=== Section Start ===
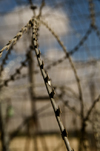 Bethlehem, West Bank, Palestine: razor wire near a checkpoint - photo by J.Pemberton
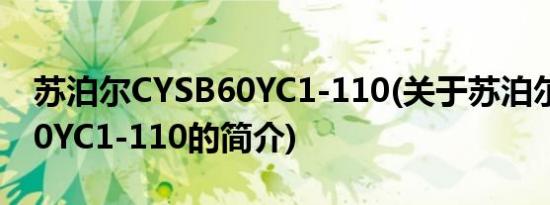 苏泊尔CYSB60YC1-110(关于苏泊尔CYSB60YC1-110的简介)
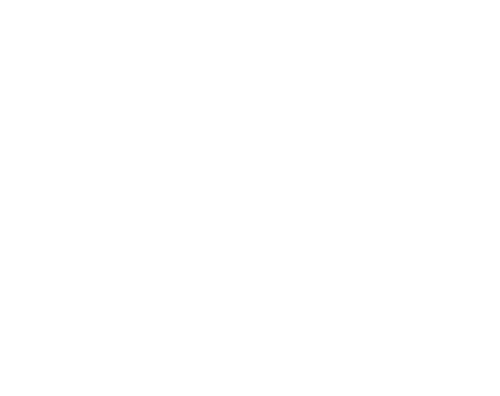 High Caliber Property Inspections - A house icon surrounding the words "High Caliber"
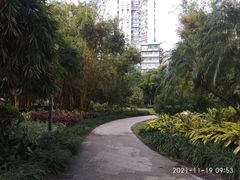 -晓港公园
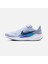 Air Zoom Pegasus 41 Erkek Koşu Ayakkabısı 2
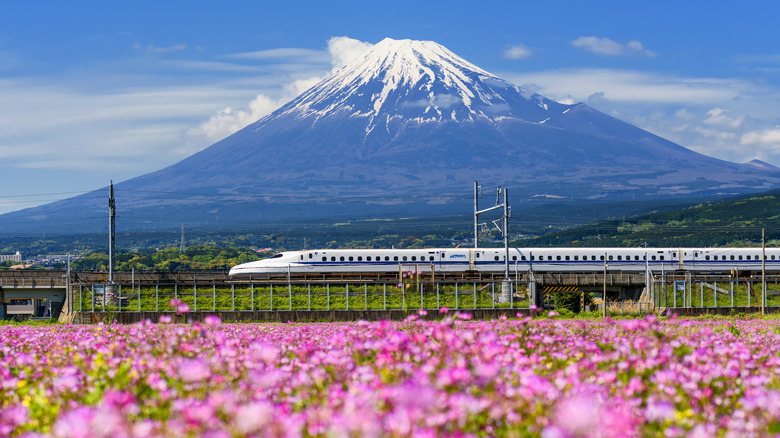 Shinkansen with Mt Fuji in spring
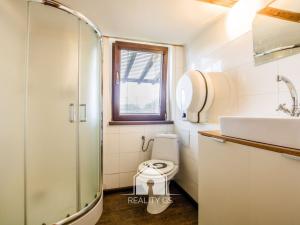 Prodej rodinného domu, Krásná Lípa, Rumburská, 140 m2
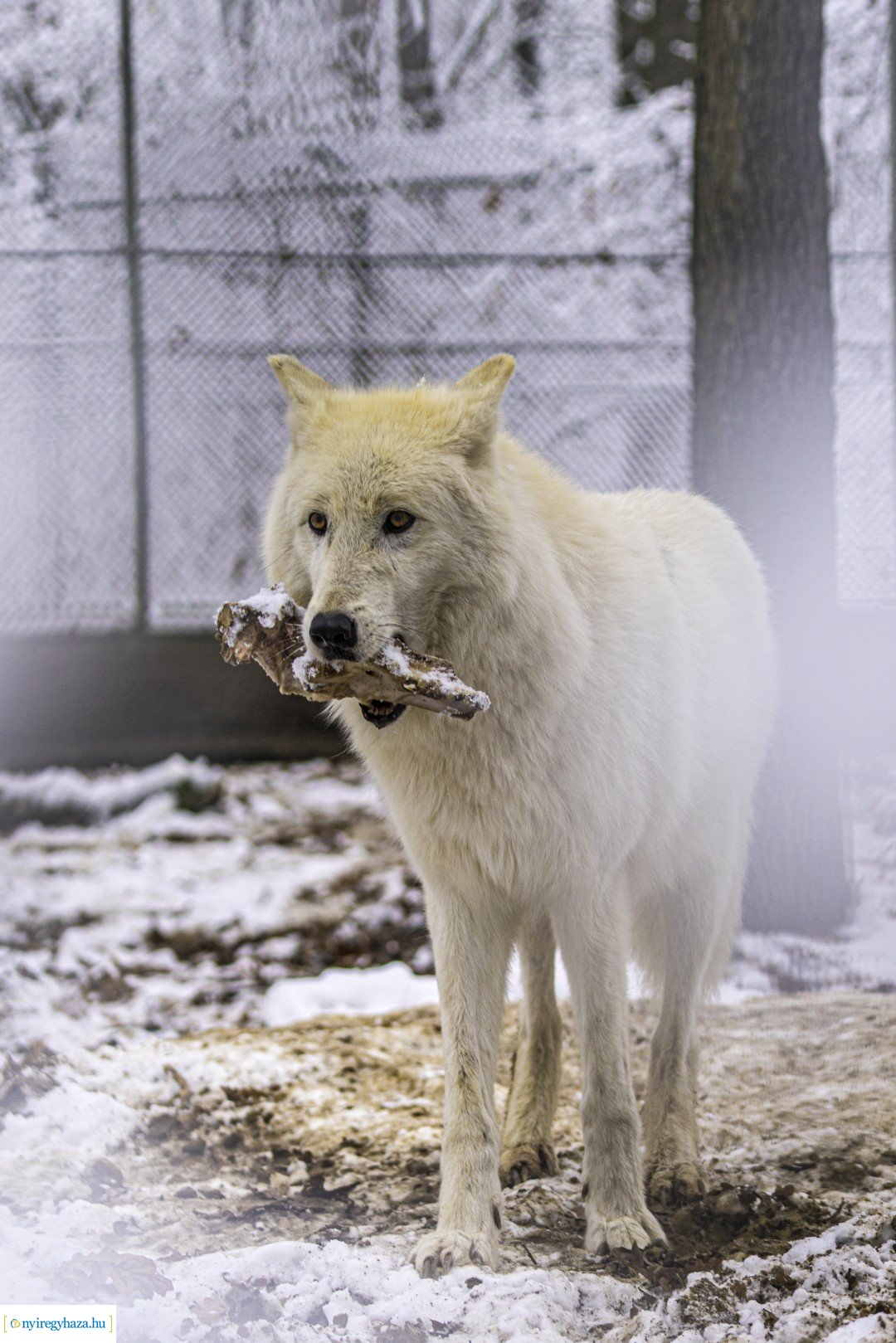 Téli séta az Állatparkban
=== Section End ===
■ PROBLEM ■
When you reach the line containing "苏泊尔CYSB60YC1-110(关于苏泊尔CYSB60YC1-110的简介)" in the records above, write out that line and every line after it through the end, exactly, but omit the pictures.

■ ANSWER AREA ■
 苏泊尔CYSB60YC1-110(关于苏泊尔CYSB60YC1-110的简介)
 High Caliber Property Inspections - A house icon surrounding the words "High Caliber"
 -晓港公园
 Air Zoom Pegasus 41 Erkek Koşu Ayakkabısı 2
 Shinkansen with Mt Fuji in spring
 Prodej rodinného domu, Krásná Lípa, Rumburská, 140 m2
 Téli séta az Állatparkban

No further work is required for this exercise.